### To do
In the material below, find the span from the line with "Invitation Brunch &" to the line with "Urban Classics Jacket" and transcribe only those lines, exactly, ends included, without the pictures.

### Given information
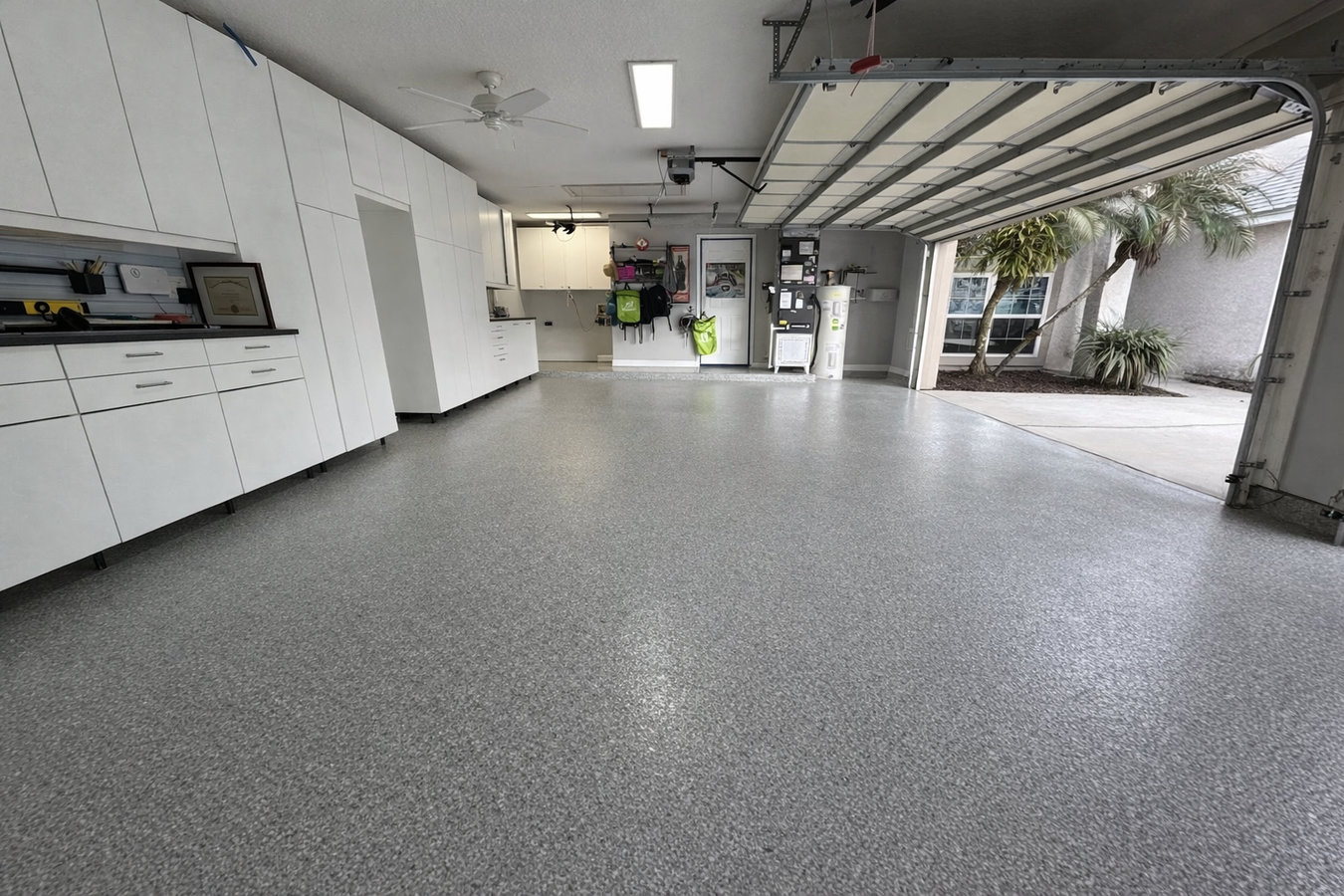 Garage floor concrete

--

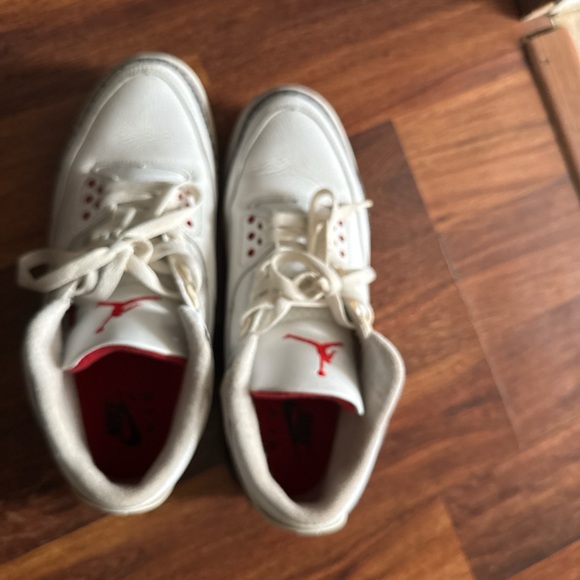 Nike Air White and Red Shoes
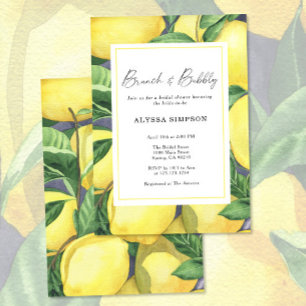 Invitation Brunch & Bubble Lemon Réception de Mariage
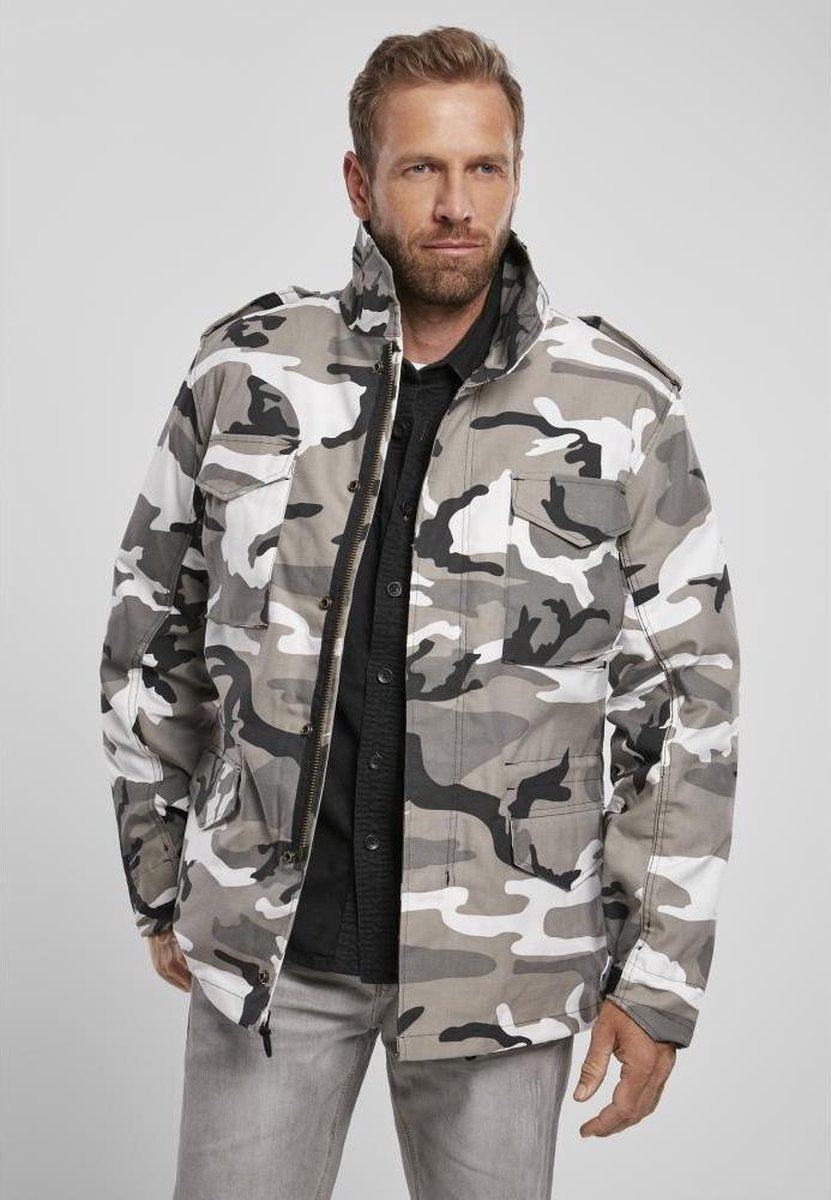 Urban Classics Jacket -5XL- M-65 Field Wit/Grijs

...

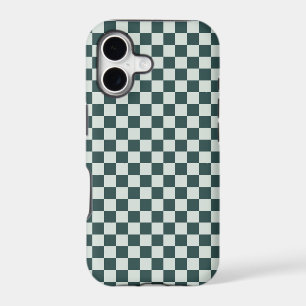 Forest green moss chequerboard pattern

### Answer section
 Invitation Brunch & Bubble Lemon Réception de Mariage
 Urban Classics Jacket -5XL- M-65 Field Wit/Grijs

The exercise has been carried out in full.